Description of the task → Please restate word for word the lines of the entries below from the one with "Kamar Superior" to the one with "Villa Spacious With", inclusive, and leave out every picture.

Data listing →
>>>

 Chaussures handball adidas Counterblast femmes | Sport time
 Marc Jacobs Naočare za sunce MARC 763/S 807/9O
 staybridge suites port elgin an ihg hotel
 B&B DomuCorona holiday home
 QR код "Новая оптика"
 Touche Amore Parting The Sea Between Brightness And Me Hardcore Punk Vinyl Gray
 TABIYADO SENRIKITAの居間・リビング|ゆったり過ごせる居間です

<<<
>>>

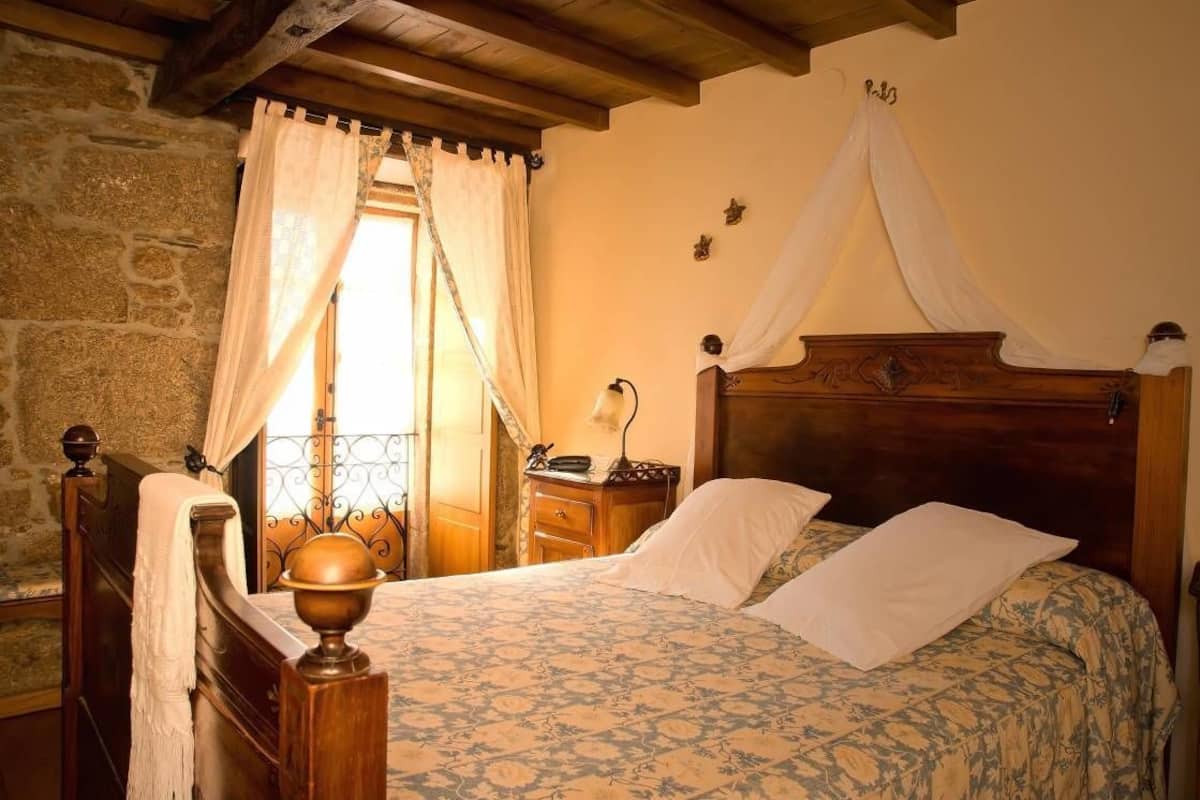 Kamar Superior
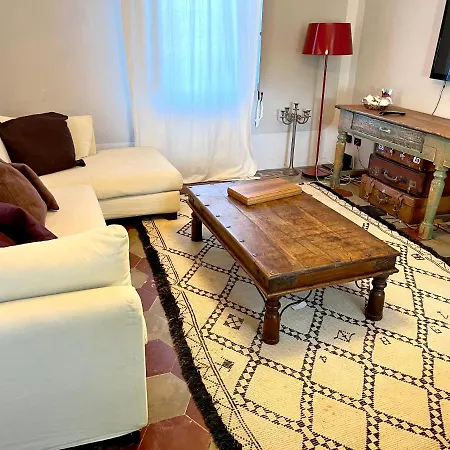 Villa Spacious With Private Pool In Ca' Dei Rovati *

<<<

Answer for this exercise →
 Kamar Superior
 Villa Spacious With Private Pool In Ca' Dei Rovati *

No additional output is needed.